How to configure multi-tier collectors

Known to work in HTCondor version: 7.0.1

This is a technique for increasing the scalability of the HTCondor collector. This has been found to help scale up glidein pools using GSI authentication in order to scale beyond ~5000 slots to ~20000 slots. Other strong authentication methods are similarly CPU intensive, so they should also benefit from this technique. When authenticating across the wide area network, network latency is actually more of a problem for the collector than CPU usage during authentication. The multi-tier collector approach helps distribute the latency and CPU usage across an adjustable number of collectors. The reason why this is particularly relevant to glidein pools is that these pools typically have shorter lived startds than dedicated pools, so new security sessions need to be established more often. In the case mentioned where we needed to configure a multi-tier collector to scale beyond 5k slots, the glideins were restarting (unsynchronized) with an average of about 3 hour lifespans.

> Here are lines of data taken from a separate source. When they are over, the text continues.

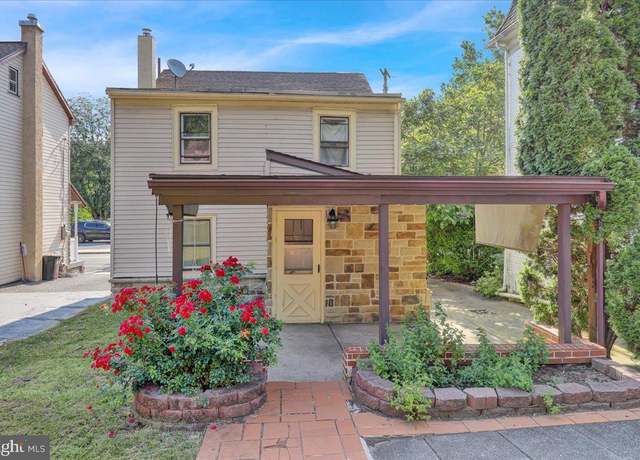 Property at 153 E Wyomissing Ave, Mohnton, PA 19540, 3 beds, 1 bath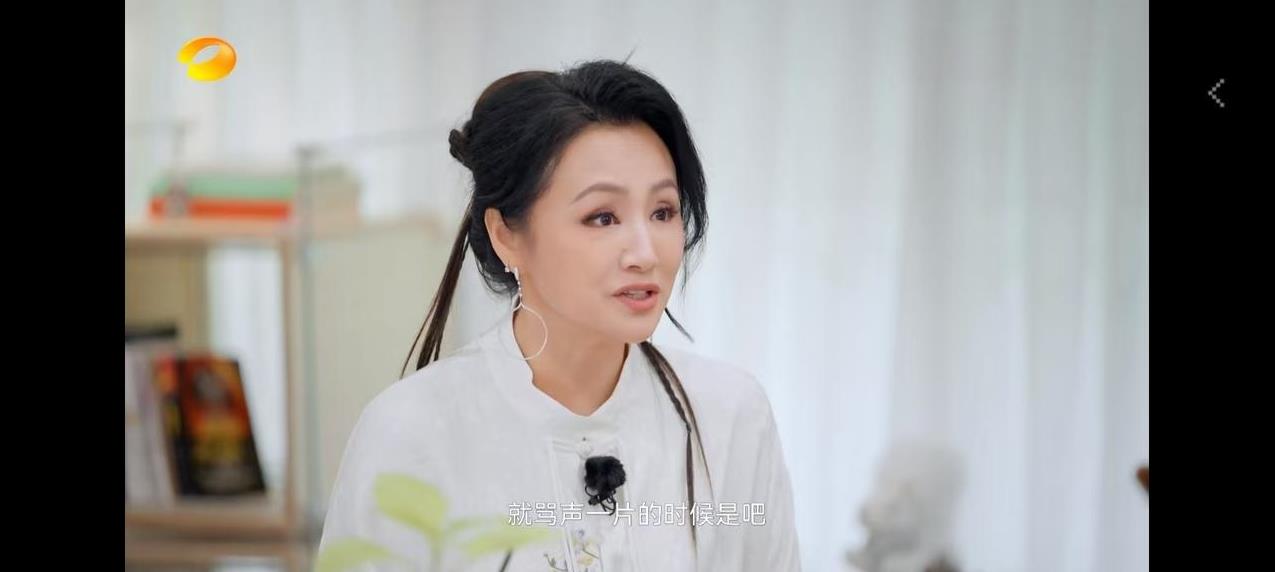 《乘风2025》第一期，曹颖就引发了网友众怒，观众一致锐评她要不是用力过猛，要不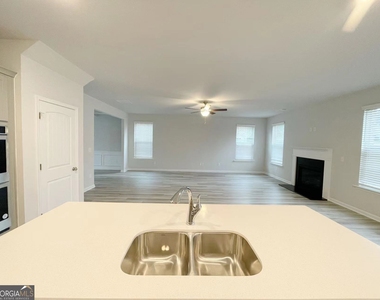 928 Yancey Court - Photo Thumbnail 6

The basic idea is to have multiple collectors that each individually serve a portion of the pool. The machine ClassAd that are sent to this collector are forwarded to one main collector (the central manager). The main collector is used for matchmaking purposes. All of these collectors could exist on the same machine, in which case you would want to make sure there are sufficient CPUs/cores.

Assuming you are running the collectors on the same machine, you will either need to configure the condor_shared_port service correctly or you will need to assign a different network port to each collector. The main collector can use the standard port, to keep things simpler.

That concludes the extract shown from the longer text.